> TASK DESCRIPTION
Your answer must be the full listing, reproduced exactly, minus any pictures.

> SUPPLIED DATA
━━━━━━━━━━━━━━━━━━━━

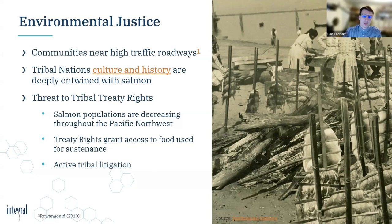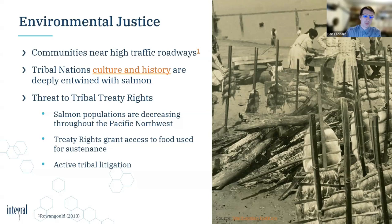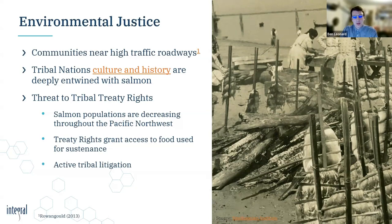The profound connection between tribal nations in the Pacific Northwest and salmon is equally significant. For these communities, salmon are not merely a fish species but represent an integral part of their culture, history, and sustenance. The decline in salmon populations, exacerbated by pollutants such as 6-PPD-quinone, poses a direct threat to tribal treaty rights that guarantee access to traditional foods including salmon. In response, Pacific Northwest tribal nations are taking legal action against tire manufacturers and petitioning the U.S. EPA to regulate 6-PPD, as part of a broader effort to protect salmon populations and uphold the rights and traditions of tribal nations.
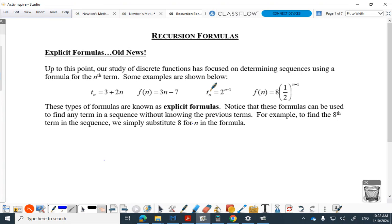We're covering something called recursion formulas. We are skipping over compound interest — don't worry, it's in advanced functions. I need to warn you: recursion formulas are a little awkward at first. If you don't practice these at all, you have no chance whatsoever. You've got to understand the symbols a little bit.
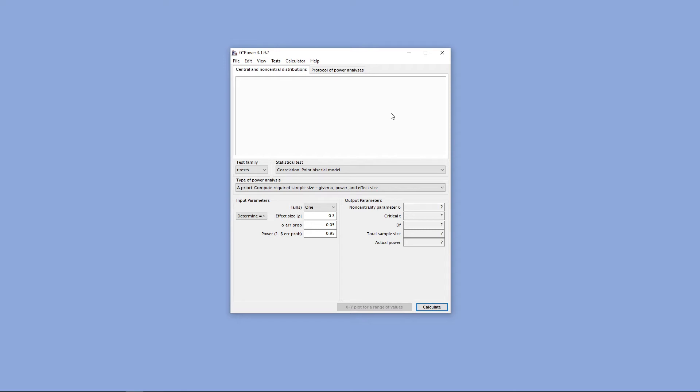Hello, and welcome to ShipUStats. In this video, we're going to go over the basics of navigating around the statistical software Gpower. Gpower is a statistical software that will allow us to conduct power analyses for different statistical tests.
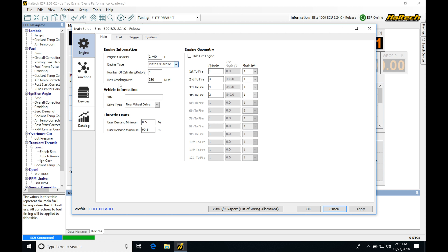Next, we see max cranking RPM, and we can see that it's showing here 380. Now, this is going to be defining where or what the Haltech should expect for a cranking RPM with the engine. So anything higher than 380, if it goes to 381 RPM, it's going to assume that the engine has fired up.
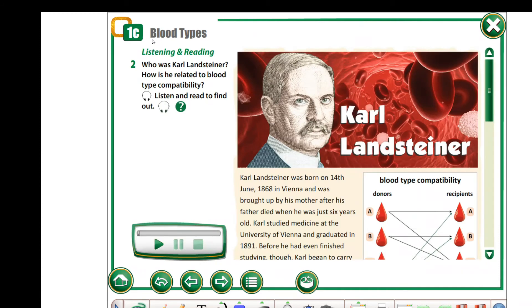Exercise 2. In this task, you need to read the text again and find out who Carl Landsteiner was and how he is related to blood type compatibility.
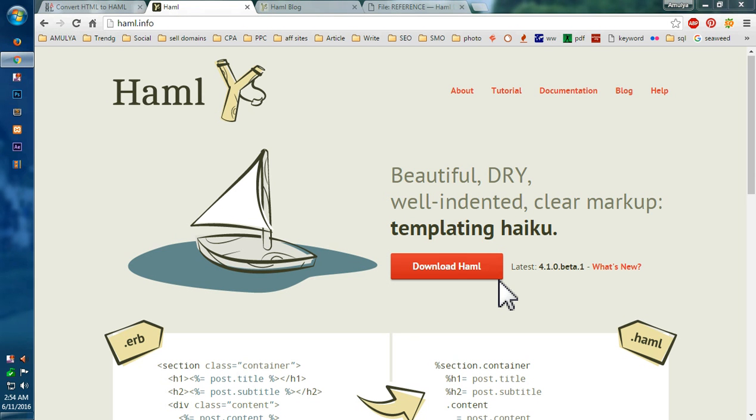Hello friends and hello YouTube. My name is Amul and this video is about Haml.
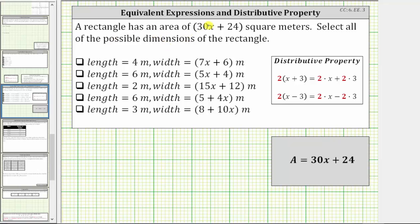A rectangle has an area of the quantity 30x plus 24 square meters. Select all of the possible dimensions of the rectangle. The area of a rectangle is equal to length times width, which means to determine the area of the rectangles with the given dimensions, we need to multiply the length and the width. Let's write out each product.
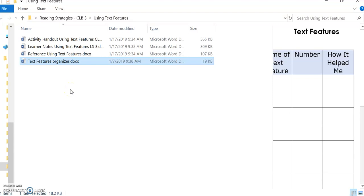For more information on each strategy and how to teach them, please see the individual screencasts for each individual reading strategy. Thank you.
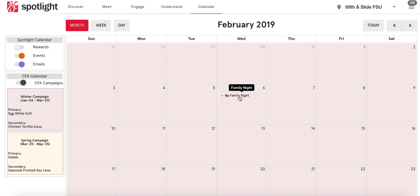Go to February 6th and there it is — family night is scheduled at 4 p.m. You are set and ready to go once you have scheduled the email and verified that it appears on your calendar.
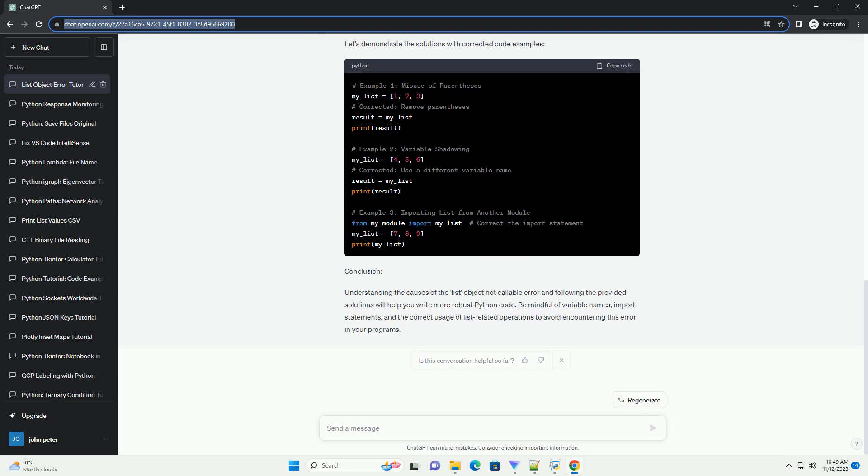Conclusion: Understanding the causes of the list object not callable error and following the provided solutions will help you write more robust Python code. Be mindful of variable names, import statements, and the correct usage of list-related operations to avoid encountering this error in your programs.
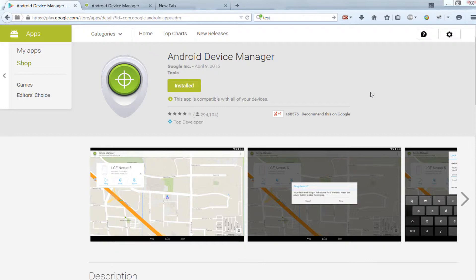First, you need to download Android Device Manager from the Google Play Store. Once you download and install the app on your device,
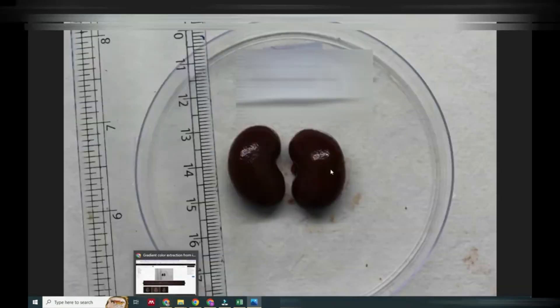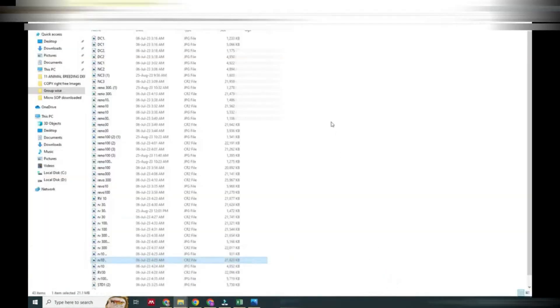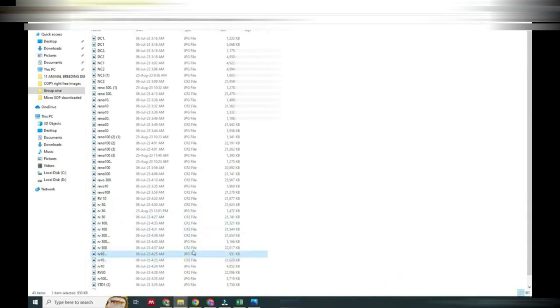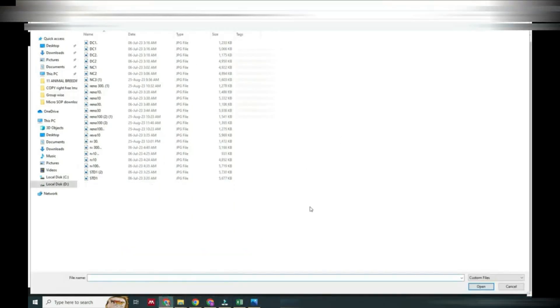Now our image is ready, converted from CR2 to JPG. This image we will select and open in color.adobe.com. We will go through that and open it.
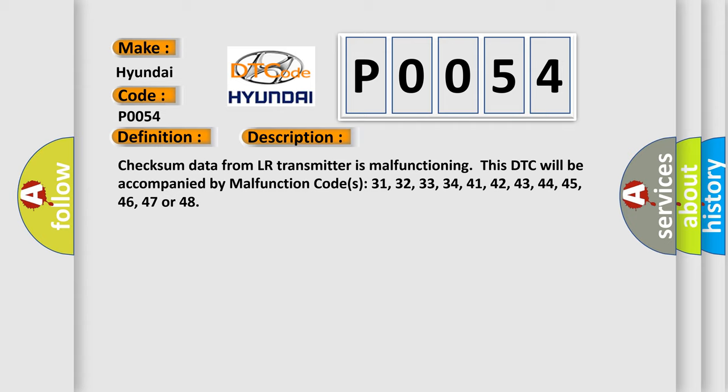This DTC will be accompanied by Malfunction codes 31, 32, 33, 34, 41, 42, 43, 44, 45, 46, 47, or 48.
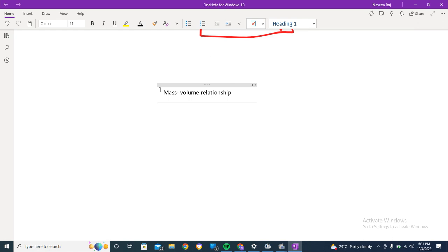In today's video we're looking into the mass-volume relationship. We'll be understanding the whole topic by simply solving a problem. Once you understand how to solve problems related to it, your concept will be clear and you'll be able to solve the problems as well.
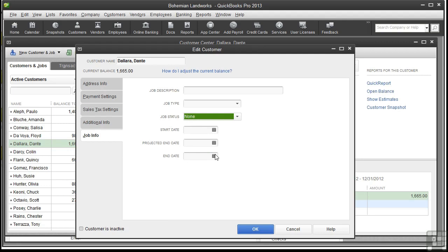Not all businesses use jobs. A retail store might not have any use for them, and QuickBooks doesn't care if you use them or not. But by using jobs, you can track expenses and income by job and figure out which ones are the most profitable.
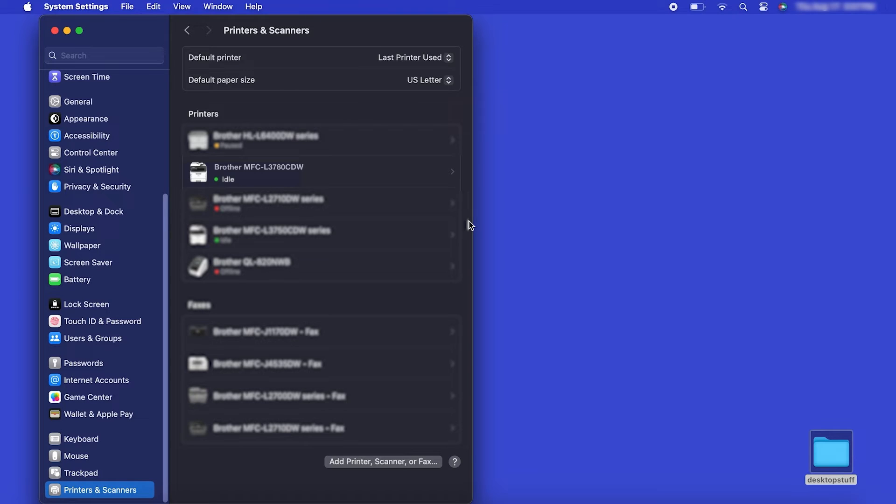Once added, your Brother machine is ready to print. If your model features a scanner, you'll need to download the Brother iPrint and Scan app in order to scan to your computer.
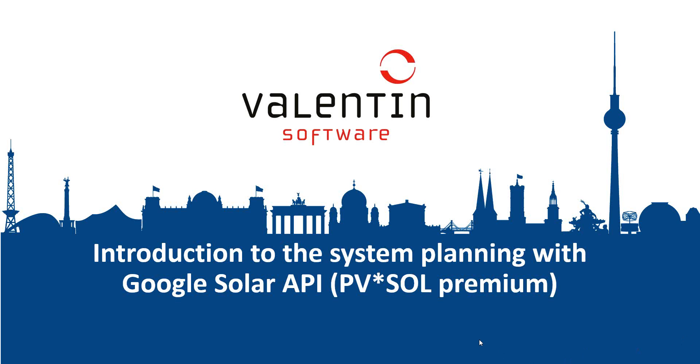Hello and welcome to the webinar from Valentin Software. Today we will show you a short introduction into the system planning with the new CODA Google Solar API.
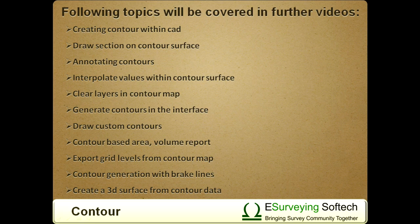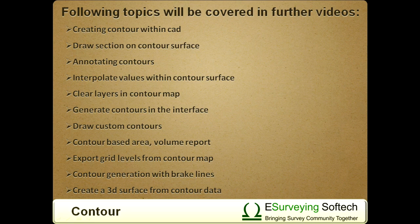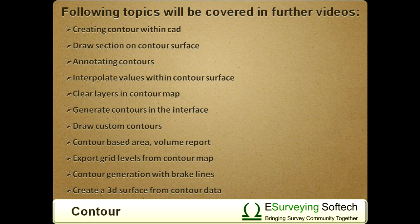Creating contour within CAD package, draw a section of contour surface, annotating contours, interpolate values within the contour surface, revise contour maps, generate contours in the interface, draw custom contours, contour based area and volume report, export grid levels from the contour map, contour generation with multiple boundaries and break lines, and create a 3D surface from contour data.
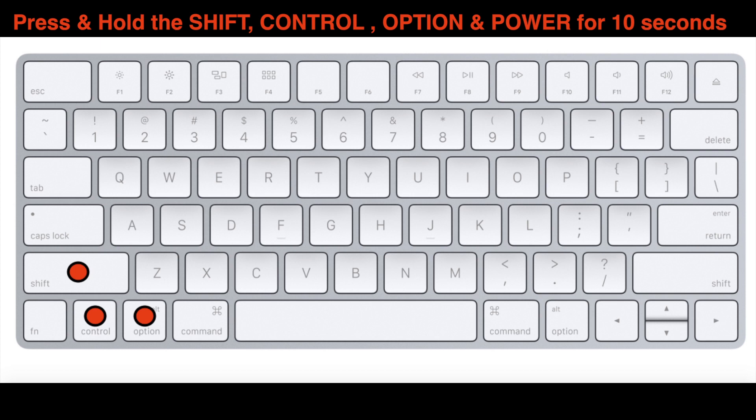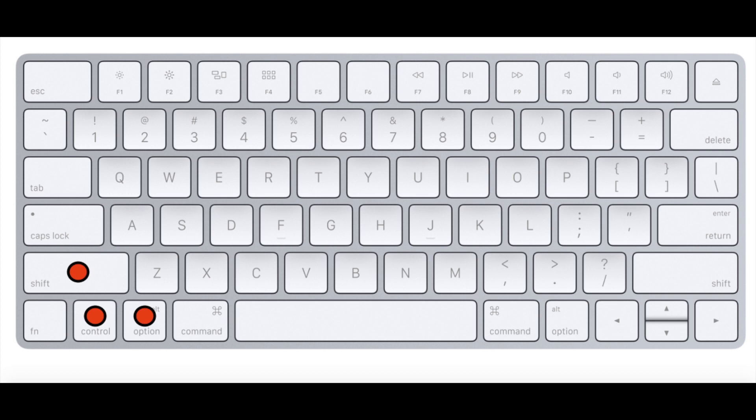After that, you just want to release those buttons and then you want to try turning on the power to your MacBook and see if this corrects the problem. If this worked, great. If not, let's try the next thing.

━━━━━━━━━━━━━━━━━━━━

> TASK OUTPUT
The profound connection between tribal nations in the Pacific Northwest and salmon is equally significant. For these communities, salmon are not merely a fish species but represent an integral part of their culture, history, and sustenance. The decline in salmon populations, exacerbated by pollutants such as 6-PPD-quinone, poses a direct threat to tribal treaty rights that guarantee access to traditional foods including salmon. In response, Pacific Northwest tribal nations are taking legal action against tire manufacturers and petitioning the U.S. EPA to regulate 6-PPD, as part of a broader effort to protect salmon populations and uphold the rights and traditions of tribal nations.
We're covering something called recursion formulas. We are skipping over compound interest — don't worry, it's in advanced functions. I need to warn you: recursion formulas are a little awkward at first. If you don't practice these at all, you have no chance whatsoever. You've got to understand the symbols a little bit.
Hello, and welcome to ShipUStats. In this video, we're going to go over the basics of navigating around the statistical software Gpower. Gpower is a statistical software that will allow us to conduct power analyses for different statistical tests.
Next, we see max cranking RPM, and we can see that it's showing here 380. Now, this is going to be defining where or what the Haltech should expect for a cranking RPM with the engine. So anything higher than 380, if it goes to 381 RPM, it's going to assume that the engine has fired up.
Exercise 2. In this task, you need to read the text again and find out who Carl Landsteiner was and how he is related to blood type compatibility.
Hello friends and hello YouTube. My name is Amul and this video is about Haml.
A rectangle has an area of the quantity 30x plus 24 square meters. Select all of the possible dimensions of the rectangle. The area of a rectangle is equal to length times width, which means to determine the area of the rectangles with the given dimensions, we need to multiply the length and the width. Let's write out each product.
For more information on each strategy and how to teach them, please see the individual screencasts for each individual reading strategy. Thank you.
Go to February 6th and there it is — family night is scheduled at 4 p.m. You are set and ready to go once you have scheduled the email and verified that it appears on your calendar.
Conclusion: Understanding the causes of the list object not callable error and following the provided solutions will help you write more robust Python code. Be mindful of variable names, import statements, and the correct usage of list-related operations to avoid encountering this error in your programs.
First, you need to download Android Device Manager from the Google Play Store. Once you download and install the app on your device,
Now our image is ready, converted from CR2 to JPG. This image we will select and open in color.adobe.com. We will go through that and open it.
This DTC will be accompanied by Malfunction codes 31, 32, 33, 34, 41, 42, 43, 44, 45, 46, 47, or 48.
In today's video we're looking into the mass-volume relationship. We'll be understanding the whole topic by simply solving a problem. Once you understand how to solve problems related to it, your concept will be clear and you'll be able to solve the problems as well.
Not all businesses use jobs. A retail store might not have any use for them, and QuickBooks doesn't care if you use them or not. But by using jobs, you can track expenses and income by job and figure out which ones are the most profitable.
Once added, your Brother machine is ready to print. If your model features a scanner, you'll need to download the Brother iPrint and Scan app in order to scan to your computer.
Hello and welcome to the webinar from Valentin Software. Today we will show you a short introduction into the system planning with the new CODA Google Solar API.
Creating contour within CAD package, draw a section of contour surface, annotating contours, interpolate values within the contour surface, revise contour maps, generate contours in the interface, draw custom contours, contour based area and volume report, export grid levels from the contour map, contour generation with multiple boundaries and break lines, and create a 3D surface from contour data.
After that, you just want to release those buttons and then you want to try turning on the power to your MacBook and see if this corrects the problem. If this worked, great. If not, let's try the next thing.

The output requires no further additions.